Pero el traductor no es un mero escriba y Gómez Guthart repone el deseo como parte del oficio. Entre sus obsesiones se encuentra una traducción al rioplatense de El charlatán de Louis-René des Forêts, título de la traducción española que en su versión lleva el nombre de El parlanchín, y aún se encuentra guardada en un cajón (no olvidemos que muchas veces, si no la mayoría, es el traductor quien se encarga de convencer a la editorial para publicar el libro).

Cuando las posturas de Ariana y de Mikaël convergen, la escritura se vuelve un campo de batalla y ellos, dos expertos francotiradores. Pero al divergir, son respetuosos e independientes como viejos amigos. He ahí la victoria de la conversación, el virtuosismo de su arte, un combate justo, puro fair play.

Traducir es el modo más atento de leer. Proust se dedicó a traducir antes de escribir su En busca del tiempo perdido, con la ayuda de su madre. Cuando esta fallece, escribe en una carta que su tiempo de entrenamiento había terminado. Entonces se lanza a escribir su monumental obra. Traducir como un ejercicio de lectura. El traductor y el escritor, en definitiva, sufren por las mismas razones.

Desertar es abandonar las responsabilidades, ser inconsecuente con el sentido común para aventurarse con preguntas que desafíen la lógica editorial y de mercado: ¿Por qué se considera una buena traducción a aquella que no parece una traducción?

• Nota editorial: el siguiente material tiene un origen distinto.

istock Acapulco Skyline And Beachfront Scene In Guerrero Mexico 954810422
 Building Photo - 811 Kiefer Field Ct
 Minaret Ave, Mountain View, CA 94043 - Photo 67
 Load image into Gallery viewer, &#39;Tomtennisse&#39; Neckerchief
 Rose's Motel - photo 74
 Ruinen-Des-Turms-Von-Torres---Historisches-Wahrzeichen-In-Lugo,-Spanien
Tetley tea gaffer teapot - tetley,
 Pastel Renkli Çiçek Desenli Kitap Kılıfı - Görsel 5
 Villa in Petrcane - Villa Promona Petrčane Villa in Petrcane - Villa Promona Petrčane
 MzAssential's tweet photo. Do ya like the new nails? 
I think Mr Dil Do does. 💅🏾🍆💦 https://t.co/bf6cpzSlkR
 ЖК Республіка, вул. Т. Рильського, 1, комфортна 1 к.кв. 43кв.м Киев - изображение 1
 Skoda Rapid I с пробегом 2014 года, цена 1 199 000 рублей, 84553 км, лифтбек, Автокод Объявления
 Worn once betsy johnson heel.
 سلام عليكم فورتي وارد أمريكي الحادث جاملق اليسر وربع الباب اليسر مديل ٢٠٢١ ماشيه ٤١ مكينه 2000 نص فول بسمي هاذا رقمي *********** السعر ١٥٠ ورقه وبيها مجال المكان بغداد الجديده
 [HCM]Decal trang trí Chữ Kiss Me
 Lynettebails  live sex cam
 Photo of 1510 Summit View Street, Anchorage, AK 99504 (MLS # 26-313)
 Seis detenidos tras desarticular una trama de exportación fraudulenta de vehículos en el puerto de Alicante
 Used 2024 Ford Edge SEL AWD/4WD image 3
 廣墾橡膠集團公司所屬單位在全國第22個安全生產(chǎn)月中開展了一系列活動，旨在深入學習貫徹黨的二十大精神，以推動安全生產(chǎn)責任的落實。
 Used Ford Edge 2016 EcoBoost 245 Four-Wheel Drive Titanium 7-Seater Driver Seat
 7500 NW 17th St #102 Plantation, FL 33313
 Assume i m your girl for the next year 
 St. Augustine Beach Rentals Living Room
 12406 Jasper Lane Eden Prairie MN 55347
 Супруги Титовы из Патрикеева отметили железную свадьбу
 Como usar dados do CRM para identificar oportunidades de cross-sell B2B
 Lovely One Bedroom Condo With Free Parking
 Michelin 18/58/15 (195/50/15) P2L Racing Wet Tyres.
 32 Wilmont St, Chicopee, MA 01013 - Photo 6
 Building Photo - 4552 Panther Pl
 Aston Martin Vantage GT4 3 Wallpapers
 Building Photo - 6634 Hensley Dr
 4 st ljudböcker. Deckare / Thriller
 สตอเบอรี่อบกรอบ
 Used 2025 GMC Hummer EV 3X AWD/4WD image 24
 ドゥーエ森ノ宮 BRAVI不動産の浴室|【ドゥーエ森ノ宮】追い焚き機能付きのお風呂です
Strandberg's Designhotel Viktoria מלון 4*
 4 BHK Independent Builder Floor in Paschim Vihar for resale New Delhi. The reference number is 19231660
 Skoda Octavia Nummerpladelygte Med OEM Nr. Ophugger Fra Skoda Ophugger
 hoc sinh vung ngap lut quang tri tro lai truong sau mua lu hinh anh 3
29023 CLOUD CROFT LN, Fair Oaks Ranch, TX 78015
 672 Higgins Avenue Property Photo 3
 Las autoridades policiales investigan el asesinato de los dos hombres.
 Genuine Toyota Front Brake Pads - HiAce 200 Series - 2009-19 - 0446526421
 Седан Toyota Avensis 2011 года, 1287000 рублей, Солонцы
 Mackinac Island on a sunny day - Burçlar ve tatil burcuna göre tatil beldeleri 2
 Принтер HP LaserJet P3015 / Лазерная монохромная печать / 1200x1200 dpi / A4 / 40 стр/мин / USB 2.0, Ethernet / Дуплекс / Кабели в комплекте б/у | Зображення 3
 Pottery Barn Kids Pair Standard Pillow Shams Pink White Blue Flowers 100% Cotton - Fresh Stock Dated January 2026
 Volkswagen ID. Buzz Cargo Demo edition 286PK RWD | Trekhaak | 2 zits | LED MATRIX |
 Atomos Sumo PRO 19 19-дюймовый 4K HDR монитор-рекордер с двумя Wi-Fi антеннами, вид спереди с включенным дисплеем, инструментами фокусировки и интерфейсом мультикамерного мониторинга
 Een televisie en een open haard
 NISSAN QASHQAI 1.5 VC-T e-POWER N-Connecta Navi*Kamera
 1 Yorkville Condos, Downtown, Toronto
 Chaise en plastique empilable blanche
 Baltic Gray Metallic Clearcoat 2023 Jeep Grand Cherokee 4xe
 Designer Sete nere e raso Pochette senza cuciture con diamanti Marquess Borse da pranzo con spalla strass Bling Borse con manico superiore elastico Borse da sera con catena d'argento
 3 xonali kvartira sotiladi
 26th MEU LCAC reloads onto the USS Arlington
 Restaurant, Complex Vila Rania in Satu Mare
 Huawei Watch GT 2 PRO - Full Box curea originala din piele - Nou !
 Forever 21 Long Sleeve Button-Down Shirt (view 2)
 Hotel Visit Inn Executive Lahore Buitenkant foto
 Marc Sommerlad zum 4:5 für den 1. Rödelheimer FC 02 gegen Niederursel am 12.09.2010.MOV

Si, como dicen los autores, el idioma francés hace una distinción tajante entre un libro escrito en francés y una traducción, ¿no debería la traducción sonar como una lengua extranjera, incluso cuando ha sido traducida al francés? ¿Qué lenguas son legitimadas por las dinámicas del mercado y cuáles quedan rezagadas? Estas y otras cuestiones mantienen el diálogo en movimiento, azuzan el intelecto y le escapan al encierro. Conviene seguirles el paso a estos autores hasta el final donde el hilo los devuelve a su propia historia, a las idas y vueltas de la vida.

Desertar de una lengua, celebrar el malentendido, huir hacia el misterio y cuestionar las formas de lectura y circulación de la literatura. De todo eso trata este libro. También, de cómo no hay nada de productivo en asociarse sino todo lo contrario, un diálogo puede ser un suceso contra-productivo en términos capitalistas, una contramarcha, una confabulación, un germen subversivo. La literatura necesita de «la dulzura de un misterio», decía Proust. Y también necesita de sus conspiradores.